Setiap rupiah yang kita kumpulkan akan dimintai pertanggung-jawabannya. Harta yang kita kuasai bisa menjadi penolong kita di akherat, tapi juga dapat memasukkan kita ke neraka, na’udzu billah. Tergantug kecerdasan kita dalam mengelolanya. Jika kita bakhil, medit, alias pelit, maka akibatnya akan kita rasakan di dunia maupun di akherat.

Allah berfirman:

“Sekali-kali janganlah orang-orang yang bakhil dengan harta yang Allah berikan kepada mereka dari karunia-Nya menyangka, bahwa kebakhilan itu baik bagi mereka. Sebenarnya kebakhilan itu adalah buruk bagi mereka. Harta yang mereka bakhilkan itu akan dikalungkan kelak di lehernya di hari kiamat”. (QS. Ali Imran: 180)

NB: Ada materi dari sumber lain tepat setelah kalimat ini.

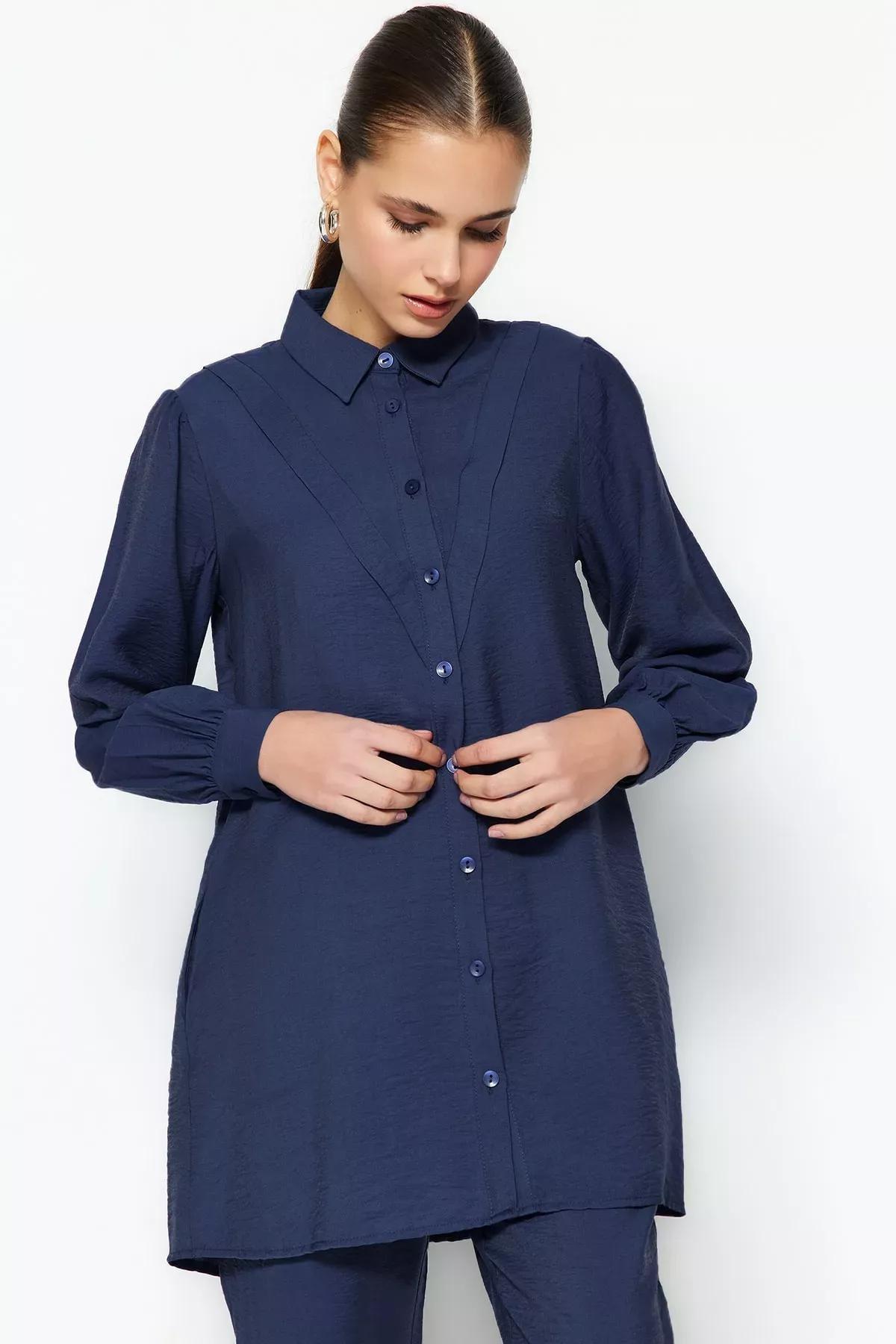 Navy Shirt Collar Co-Ord Set, , large image number 0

Ada kiat cerdas dari hadits Qudsiy untuk kita semua. Jika kita ingin mendapatkan nafkah (kekayaan) dari Allah, maka rajinlah berinfaq. Allah berfirman dalam hadits Qudsiy yang artinya:

“Allah berfirman, Hai anak Adam, berinfaqlah engkau, nicaya Aku (Allah) memberikan nafkah kepadamu”. (HR. Bukhari)

Kiat cerdas yang kedua, jika kita ingin terjauh dari berbagai kesulitan hidup, maka tolonglah orang yang sedang dalam kesulitan. Rasulullah Shallallahu ‘alaihi wasallam bersabda yang artinya:

“Barangsiapa yang ingin doanya terkabul dan dibebaskan dari kesulitan hidup, hendaknya dia mengatasi kesulitan orang lain. (HR. Ahmad)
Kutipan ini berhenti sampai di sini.